First, I tried to integrate $f(x)$ for $$f(x)=\int_0^xf'(t)\mathrm{d}(t)=\int^x_0f(\dfrac{t}{2})\mathrm{d}t=2\int_0^{\frac{x}{2}}f(t)\mathrm{d}t$$

But I have no way to show the proposition. Then I want to analyse the monotony of $f$. I assume that $f(x)$ is increasing. To be honest, if $f(x)>0$ then we can prove $f$ is increasing clearly. Then $0=f'(x)-f(\dfrac{x}{2})>f'(x)-f(x)$, then consider $g(x)=e^{-x}f(x)$ and $g'(x)=e^{--x}(f'(x)-f(x))<0$ so $g(x)$ is decreasing then a contradiction clearly shows. But when I want to show that $f$ must be non-negative or non-positive, I found nothing to show it.
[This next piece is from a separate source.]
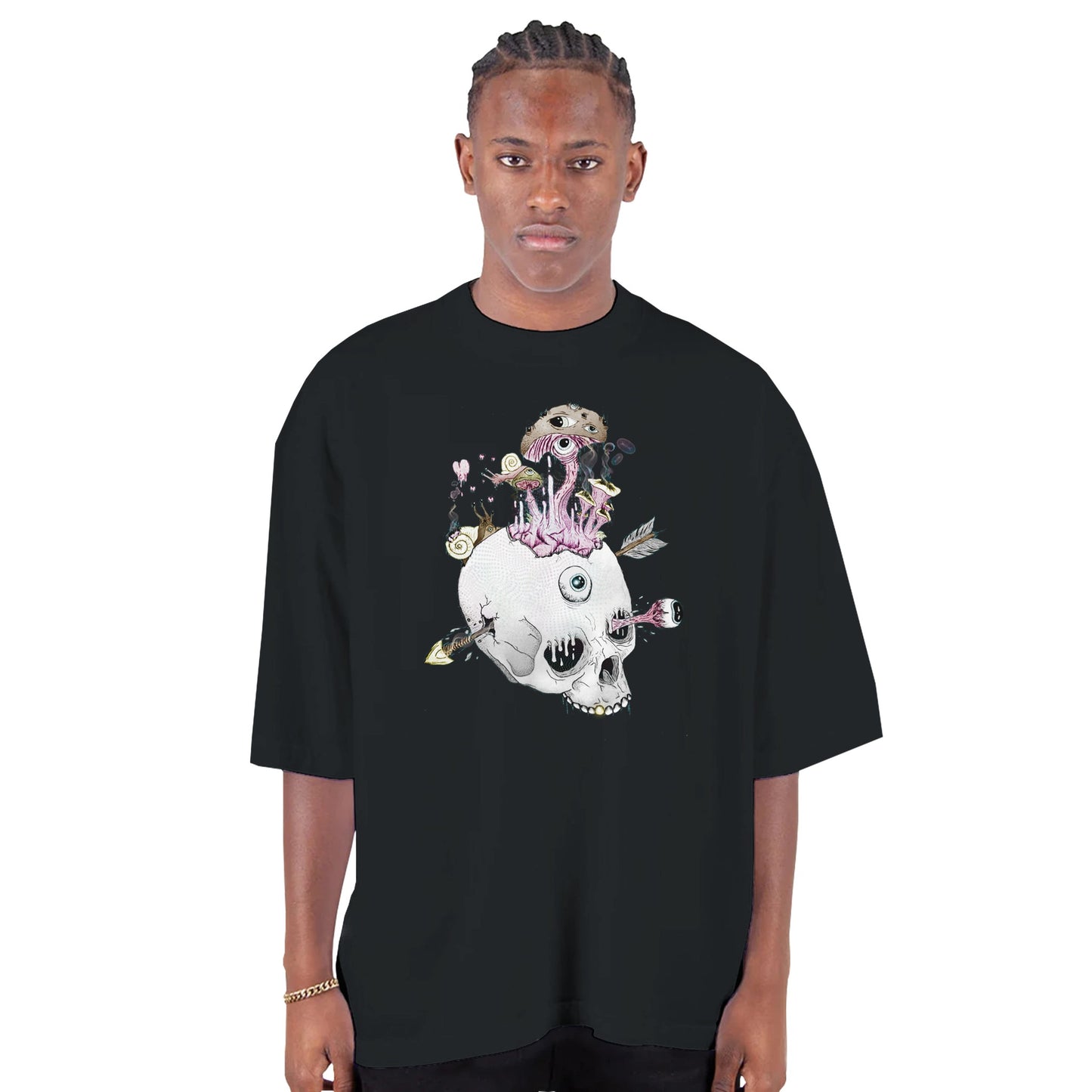 eb1c411c-b44e-4882-a74c-3b326a096240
After that, I consider a counter-example, through my thoughts, I think the sum forms the linear combination of $e^{-c^nx}$, for a common c instead of $\dfrac{1}{2}$. But when I construct it, I found when $c<\dfrac{1}{2}$, the series with functions diverges.
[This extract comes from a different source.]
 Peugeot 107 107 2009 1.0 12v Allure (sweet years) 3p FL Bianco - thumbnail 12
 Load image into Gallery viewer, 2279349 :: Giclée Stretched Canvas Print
All my efforts is useless. So if there is any solution to this problem?

Answer 1

There is no a priori reason to presume that $f$ is real analytic, so the previous two solutions need some justification. Here is a proof that does not rely on $f$ being analytic.
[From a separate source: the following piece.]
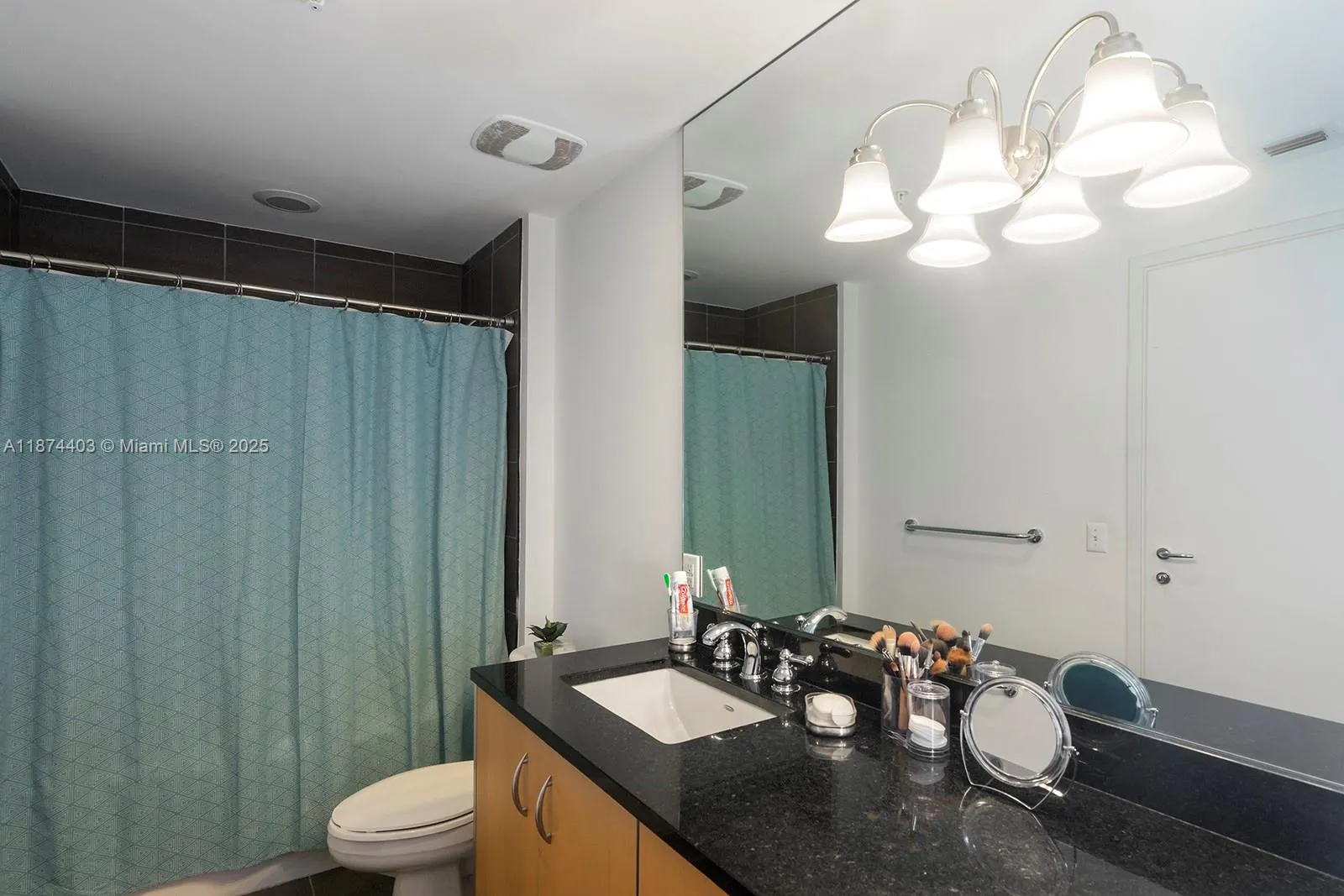 300 S Biscayne Blvd, #L-1022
Note that $f$ is differentiable on $x>0$ hence continuous and hence $f$ is at least continuously differentiable.

Suppose $X \in (0,1)$ is such that $|f(x)| \le {1 \over 2}$ for $x \in (0,X]$. Then for $x\in (0,X]$ we have $|f(x)| \le \int_0^x |f({t \over 2})| dt \le {1 \over 2} x$ and repeating we get $|f(x)| \le \int_0^x {1 \over 2} {t \over 2} dt = {1 \over 2} {x^2 \over 2^2}$. We surmise and verify by induction that $|f(x)| \le {1 \over 2 n! 2^{1+2+\cdots+ (n-1)}} x^n$. In particular, since this is true for all $n$, we have $f(x) =0$ for $x \in (0,X]$.

Hence $f'(x) = 0$ for $x \in (0,2X]$ and so $f(x) = 0 $ for $x \in (0,2X]$. Repeating the previous argument (complete proof using induction) we get $f(x) = 0$ for all $x \in (0,2^nX]$ and hence for all $x>0$.

Answer 2

As shown here, here and here, the solution to the differential equation $f'(x)=f(ax)$ is $$ f(x)=f(0)\sum_{k=0}^{\infty}\frac{a^{\frac{k(k-1)}{2}}}{k!}x^k. \tag{1} $$ The series has infinite radius of convergence if $|a|\leq 1$, in particular if $a=\frac{1}{2}$. Therefore, if $\lim_{x\to 0}f(x)=0$, it follows from $(1)$ that $f(0)=0$, hence $f(x)\equiv 0$.

Answer 3

You can look at solutions that are power series,i.e.$f(x)=\sum_{n=0}^{\infty}a_nx^n$. You find that necessarily, $a_{n+1}=\frac{a_n}{2^n(n+1)}$ hence $$a_n=\frac{a_0}{2^{\frac{(n-1)n}{2}}n!}$$. Then the series $f=\sum a_nx^n$ $(*)$ has indeed a convergence radius $\infty$ so is defined on $\mathbb R$ and is solution of your equation. It's limit when $x$ goes to $0$ is $a_0$, so the only solution $f$ which is a power series with $\lim_{x\rightarrow 0}f(x)=0$ is indeed $f=0$. If any solution to the differential equation is given by $(*)$ then $f=0$ is indeed the only solution to your problem. I think it's true as the set of solutions to the equation $y'(x)=y(x/2)$ is a vector space (linear combinations of solutions are solutions) and similarly to degree one linear diffeential equations its dimension might be $1$ so if I'm right $(*)$ are the only solutions, spanned by the one obtained with $a_0=1$.